O dilema não tem nada a ver com a necessidade de
punir o motorista embriagado. Tem a ver com os métodos adequados para a criação
das leis numa democracia adulta. Leis precisam obedecer a exigências teóricas e
formais que suplantam a ânsia persecutória de autoridades e cidadãos. Precisam
atingir a famosa racionalidade kantiana que leva à obediência voluntária das
regras. A demagogia legislativa fabrica letras mortas, desmoralização
institucional e, no limite inevitável, a impunidade dos malfeitores.
O atual esforço do Senado para salvar a Lei Seca
repete o que ocorreu com a criminalização dos fumantes e o que cedo ou tarde sucederá
com o veto à cerveja nos estádios: a canetada populista cria uma aberração
legal que, ao primeiro questionamento sério, os nobres parlamentares
descabelam-se para remendar. Mas, em vez de buscar as adequações constitucionais
e os recursos humanos e financeiros necessários à sua aplicação, rabiscam uns artifícios
retóricos disfarçando a inviabilidade original da regra.

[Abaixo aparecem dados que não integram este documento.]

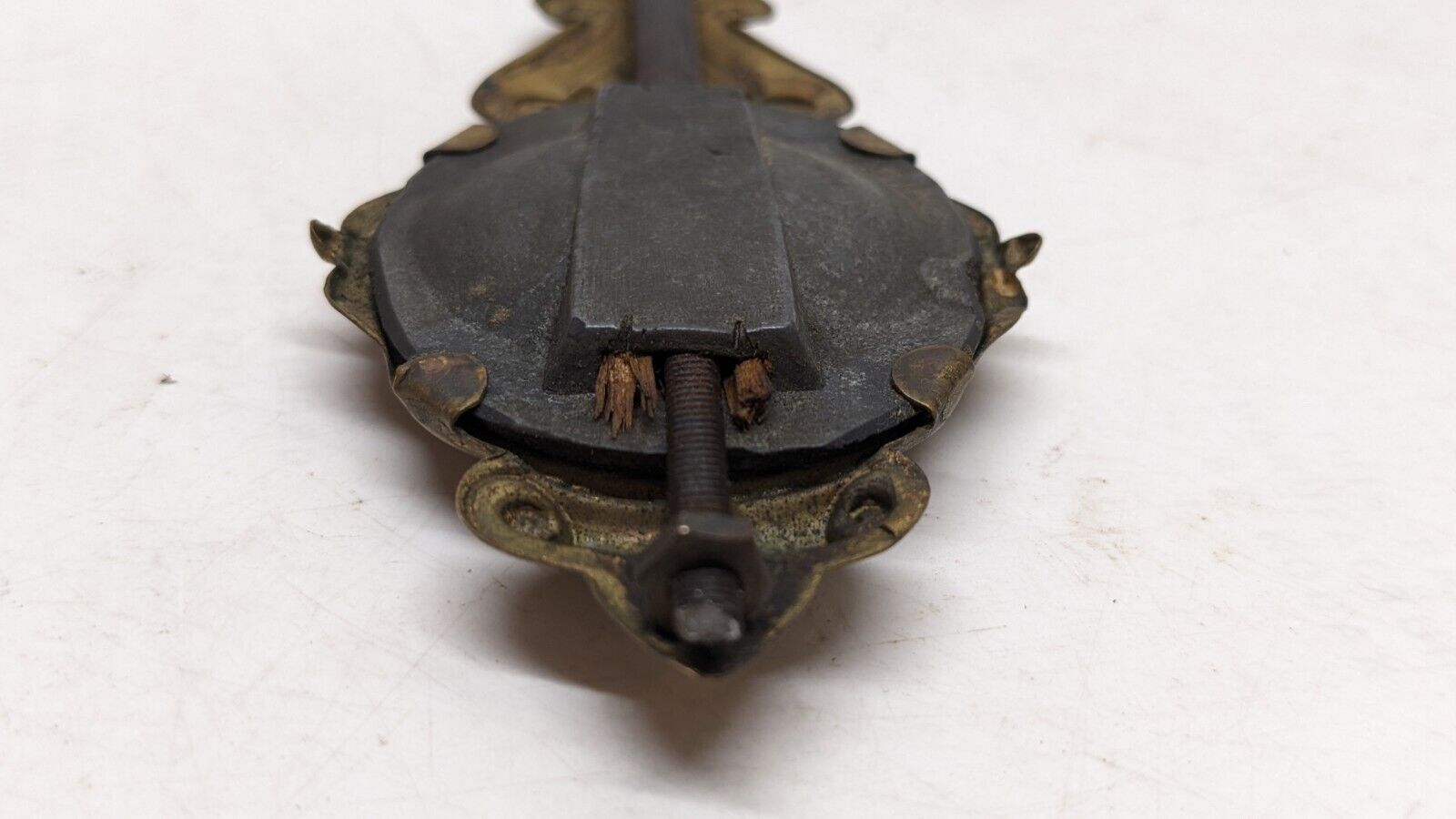 Authentic 1800s Premium Brass Pendulum with Roman Soldier
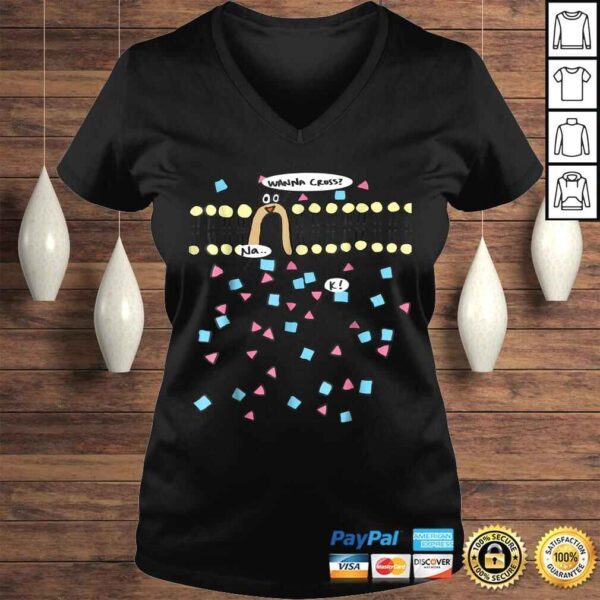 Funny Sodium Potassium Channel Pun Shirt Nerdy Biology Joke - Image 2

O pior é que a nova legislação deve enfraquecer
ainda mais sua própria idéia original. As autoridades precisariam de bilhões de
bafômetros e bilhões de kits de extração de sangue e bilhões de insumos destinados
a exames químicos em todos os recantos do país. Na falta de equipamentos, o
cidadão sequer precisará negar-se a produzir provas contra si mesmo, pois não
existirão meios de estabelecê-las, e as evidências subjetivas continuarão
inválidas para fins jurídicos.
Sem recursos técnicos, ninguém consegue determinar
se uma pessoa consumiu dois copos de cerveja trinta minutos antes. O Judiciário
ficará restrito a punir apenas os motoristas escandalosamente embriagados,
cujas condutas puderem ser evidenciadas, por exemplo, através de uma câmera de
celular. Nada mais distante da tão comemorada “tolerância zero”.